→ ASSIGNED TASK
Lines from the one containing "As you have" through the last line of the records below need to be repeated exactly; nothing else, and no pictures.

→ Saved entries
.....
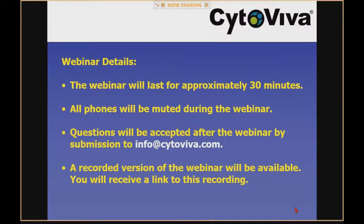A few quick details about the webinar: it'll be approximately 20 to 30 minutes long. We've muted all phones during the webinar; however, we would ask that any questions about the data be submitted to info@cytaviva.com. We will be pleased to answer your questions. Also, we're recording this webinar today and will provide the recorded version as a link so you can re-review the data or share it with colleagues.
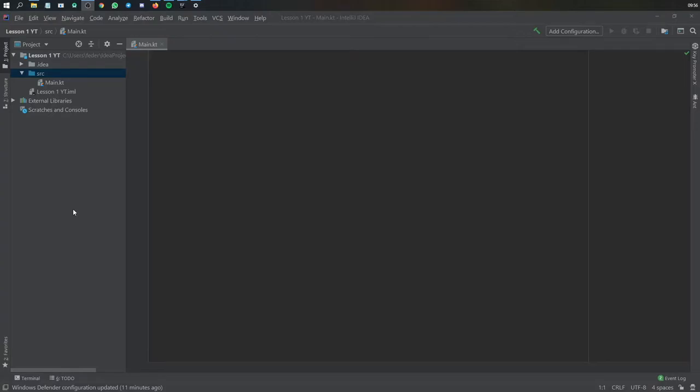We're gonna create a very simple program. It's gonna ask you what's your name, you're gonna be able to input your name, and it's gonna say hello your name.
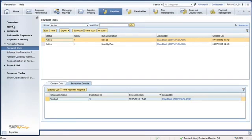As you have seen, SAP Business by Design provides comprehensive cash flow visibility while allowing you to streamline the accounts payable process through workflow and intuitive analytics and reporting.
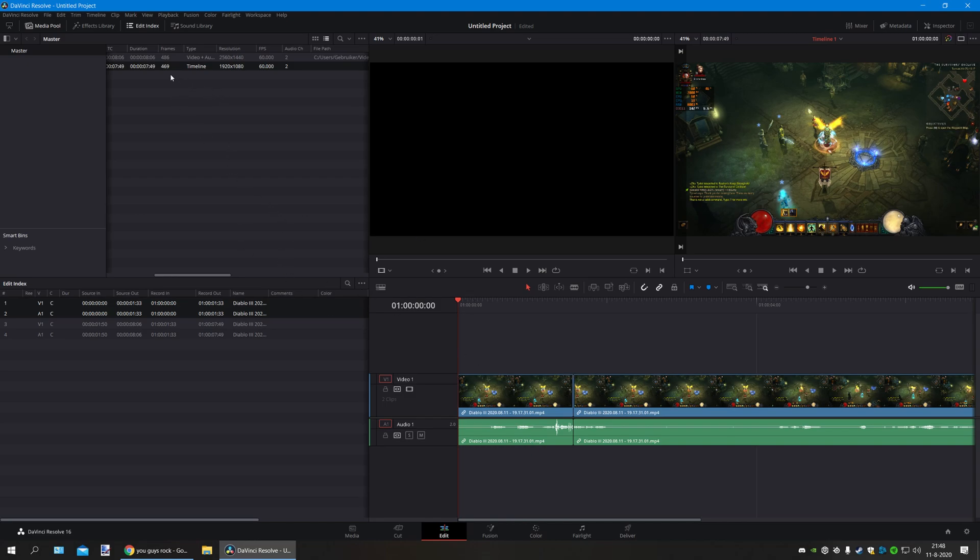Here we are. That says a different resolution over here. The timeline resolution is different. Can you see it? Right on. There's a difference here.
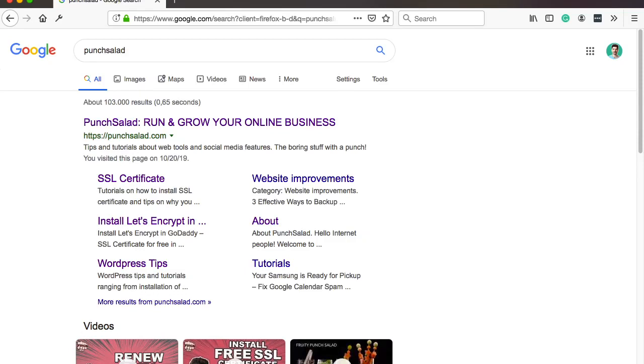Hello Internet people! In this video I'll show you how you can remove a link from Google search results.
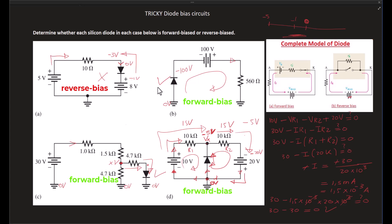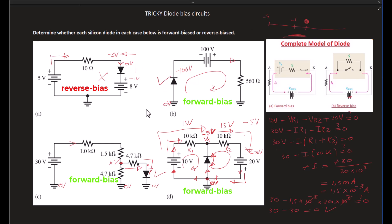That's it for this tutorial. In the next tutorial, we're going to determine the actual voltage drop across each one of these diodes in the ideal model, the practical model, and the complete model. We'll also wire up each circuit with power supplies and resistors to verify those values in a real circuit. Please give this tutorial a thumbs up if you found it useful.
.....
→ RESULT BELOW
As you have seen, SAP Business by Design provides comprehensive cash flow visibility while allowing you to streamline the accounts payable process through workflow and intuitive analytics and reporting.
Here we are. That says a different resolution over here. The timeline resolution is different. Can you see it? Right on. There's a difference here.
Hello Internet people! In this video I'll show you how you can remove a link from Google search results.
That's it for this tutorial. In the next tutorial, we're going to determine the actual voltage drop across each one of these diodes in the ideal model, the practical model, and the complete model. We'll also wire up each circuit with power supplies and resistors to verify those values in a real circuit. Please give this tutorial a thumbs up if you found it useful.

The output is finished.